Ben Slama Amine, Mouelhi Aymen, Sahli Hanene, Manoubi Sondes, Mbarek Chiraz, Trabelsi Hedi, Fnaiech Farhat, Sayadi Mounir
University of Tunis, The National Engineering School of Tunis (ENSIT), Laboratory of Signal Image and Energy Mastery, LR13ES03 (SIME), Tunis, Tunisia.
Department of Oto-Rhino-laryngology, Charles Nicolle Hospital, Tunis, Tunisia.

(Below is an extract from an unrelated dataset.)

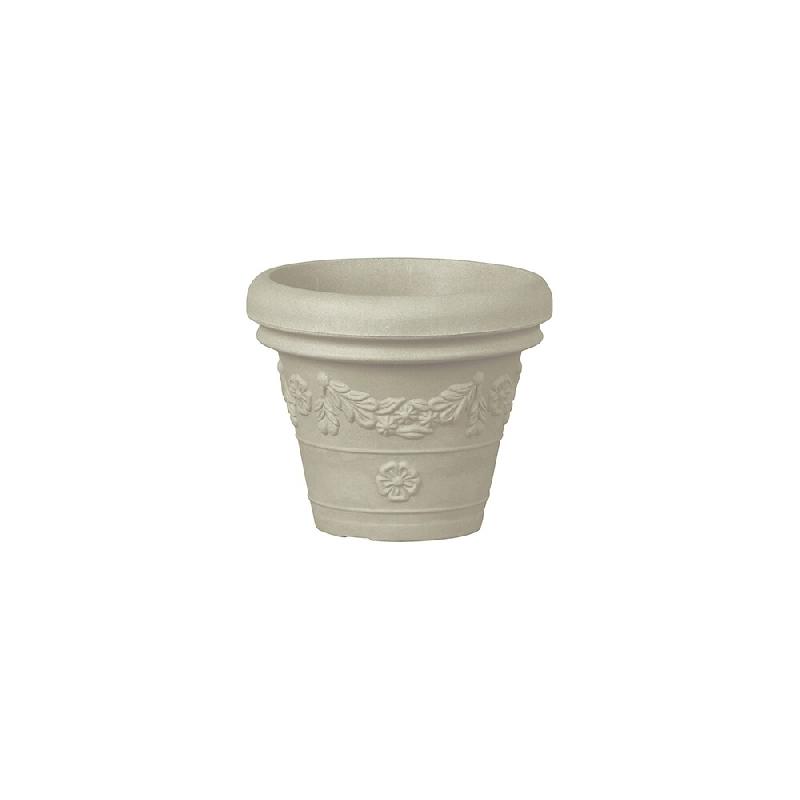 Tera Pot de fleurs festonato 232l - KAKI - vert 8051560257900_0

Artif Intell Med. 2017 Jul;80:48-62. doi: 10.1016/j.artmed.2017.07.005. Epub 2017 Jul 23.
The diagnostic of the vestibular neuritis (VN) presents many difficulties to traditional assessment methods This paper deals with a fully automatic VN diagnostic system based on nystagmus parameter estimation using a pupil detection algorithm. A geodesic active contour model is implemented to find an accurate segmentation region of the pupil. Hence, the novelty of the proposed algorithm is to speed up the standard segmentation by using a specific mask located on the region of interest. This allows a drastically computing time reduction and a great performance and accuracy of the obtained results. After using this fast segmentation algorithm, the obtained estimated parameters are represented in temporal and frequency settings. A useful principal component analysis (PCA) selection procedure is then applied to obtain a reduced number of estimated parameters which are used to train a multi neural network (MNN). Experimental results on 90 eye movement videos show the effectiveness and the accuracy of the proposed estimation algorithm versus previous work.
前庭神经炎(VN)的诊断给传统评估方法带来了诸多困难。本文探讨了一种基于使用瞳孔检测算法的眼球震颤参数估计的全自动VN诊断系统。实现了一个测地线主动轮廓模型来找到瞳孔的精确分割区域。因此,所提算法的新颖之处在于通过使用位于感兴趣区域的特定掩码来加速标准分割。这使得计算时间大幅减少,并且所获结果具有出色的性能和准确性。使用这种快速分割算法后,所获估计参数在时间和频率设置中表示。然后应用一个有用的主成分分析(PCA)选择程序来获得数量减少的估计参数,这些参数用于训练多神经网络(MNN)。对90个眼动视频的实验结果表明,与先前工作相比,所提估计算法具有有效性和准确性。